Templates

The signac-flow package uses jinja2 templates to generate scripts for execution and submission to cluster scheduling systems. Templates for simple bash execution and submission to popular schedulers and compute clusters are shipped with the package. To customize the script generation, a user can replace the default template or customize any of the provided ones.

Replacing the default template

The default script.sh template simply extends from another script according to the base_script variable, which is dynamically set by signac-flow:

{% extends base_script %}

This base_script variable provides a way to inject specific templates for, e.g., different environments. However, by default any templates placed within your project root directory in a file called templates/script.sh will be used instead of the defaults provided by signac-flow. This makes it easy to completely replace the scripts provided by signac-flow; to use your own custom script, simply place a new script.sh in a templates directory within your project root directory. This is an example for a basic template that would be sufficient for the simple serial execution of multiple operations:

cd {{ project.config.project_dir }}

{% for operation in operations %}
{{ operation.cmd }}
{% endfor %}

Customize provided templates

Instead of simply replacing the template as shown above, we can also customize the provided templates. One major advantage is that we can still use the template scripts for cluster submission.
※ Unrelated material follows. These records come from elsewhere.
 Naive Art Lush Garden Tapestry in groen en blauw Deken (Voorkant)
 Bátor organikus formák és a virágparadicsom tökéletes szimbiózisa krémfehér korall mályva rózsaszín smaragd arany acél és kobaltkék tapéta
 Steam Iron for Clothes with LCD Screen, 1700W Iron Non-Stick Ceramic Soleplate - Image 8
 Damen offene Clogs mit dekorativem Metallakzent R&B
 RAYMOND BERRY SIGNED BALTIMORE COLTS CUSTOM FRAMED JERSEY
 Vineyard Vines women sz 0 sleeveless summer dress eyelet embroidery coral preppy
Assuming that we wanted to write a time stamp to some log file before executing operations, we could provide a custom template such as this one:

{% extends base_script %}
{% block body %}
date >> execution.log
{{ super() }}
{% endblock %}

The first line again indicates that this template extends an existing template based on the value of base_script; how this variable is set is explained in more detail in the next section. The second and last line indicate that the enclosed lines are to be placed in the body block of the base template. The third line is the actual command that we want to add and the fourth line ensures that the code provided by the base template within the body block is still added.

The base template

The signac-flow package will select a different base script template depending on whether you are simply generating a script using the script command or whether you are submitting to a scheduling system with submit. In the latter case, the base script template is selected based on whether you are on any of the officially supported environments, and if not, whether one of the known scheduling system (torque or slurm) is available. This is a short illustration of that heuristic:

# The `script` command always uses the same base script template:
project.py script --> base_script='base_script.sh'

# On system with SLURM scheduler:
project.py submit --> base_script='slurm.sh' (extends 'base_script.sh')

# On XSEDE Comet
project.py submit --> base_script='comet.sh' (extends 'slurm.sh')
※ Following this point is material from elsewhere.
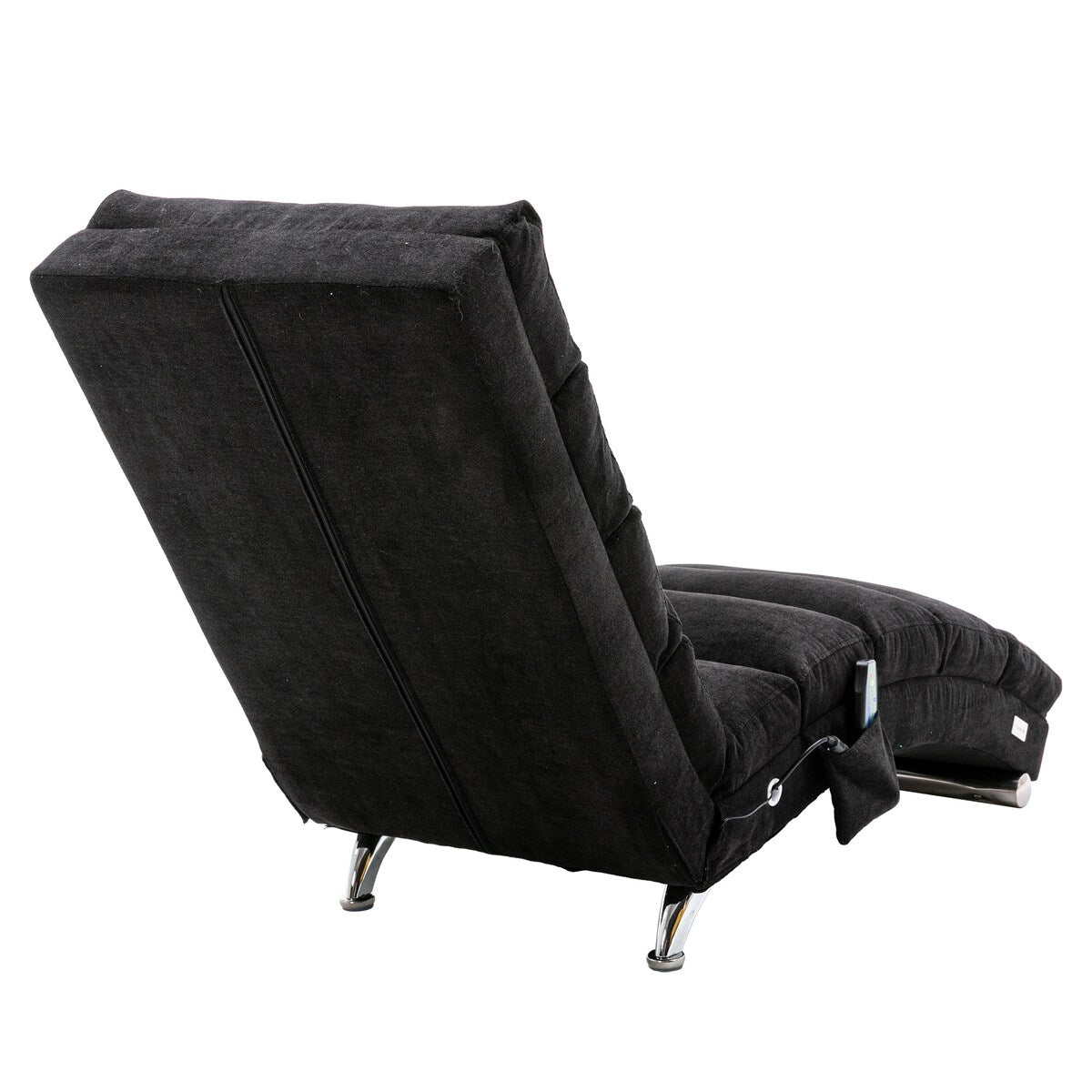 Linen Chaise Lounge Indoor Chair, Modern Long Lounger for Office,Black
Regardless of which base script template you are actually extending from, all templates shipped with flow follow the same basic structure:

resources
Calculation of the total resources required for the execution of this (submission) script.
header
Directives for the scheduling system such as the cluster job name and required resources. This block is empty for shell script templates.
project_header
Commands that should be executed once before the execution of operations, such as switching into the project root directory or setting up the software environment.
body
All commands required for the actual execution of operations.
Any commands that should be executed at the very end of the script.

Execution Directives

Available directives

Any FlowProject operation can be amended with so called execution directives. For example, to specify that we want to parallelize a particular operation on 4 processing units, we would provide the np=4 directive:

from flow import FlowProject, directives
from multiprocessing import Pool

@FlowProject.operation
@directives(np=4)
def hello(job):
    with Pool(4) as pool:
      print("hello", job)

All directives are essentially conventions, the np directive in particular means that this particular operation requires 4 processors for execution. The following directives are respected by all base templates shipped with signac-flow:

executable
Specify which Python executable should be used to execute this operation. Defaults to the one used to generate the script (sys.executable).
np
The total number of processing units required for this operation.
nranks
The number of MPI ranks required for this operation. The command will be prefixed with environment specific MPI command, e.g.: mpiexec -n 4. The value for np will default to nranks unless specified separately.
omp_num_threads
The number of OpenMP threads. The value for np will default to: “nranks x omp_num_threads” unless otherwise specified.
ngpu
The number of GPUs required for this operation.

Execution Modes

Using these directives and their combinations allows us to realize the following essential execution modes:

serial:

@flow.directives()

This operation is a simple serial process, no directive needed.

parallelized:

@flow.directives(np=4)

This operation requires 4 processing units.

MPI parallelized:

@flow.directives(nranks=4)

This operation will be executed on 4 MPI ranks.

MPI/OpenMP Hybrid:

@flow.directives(nranks=4, omp_num_threads=2)

This operation will be executed on 4 MPI ranks with 2 OpenMP threads per rank.

GPU:

@flow.directives(ngpu=1)

The operation requires one GPU for execution.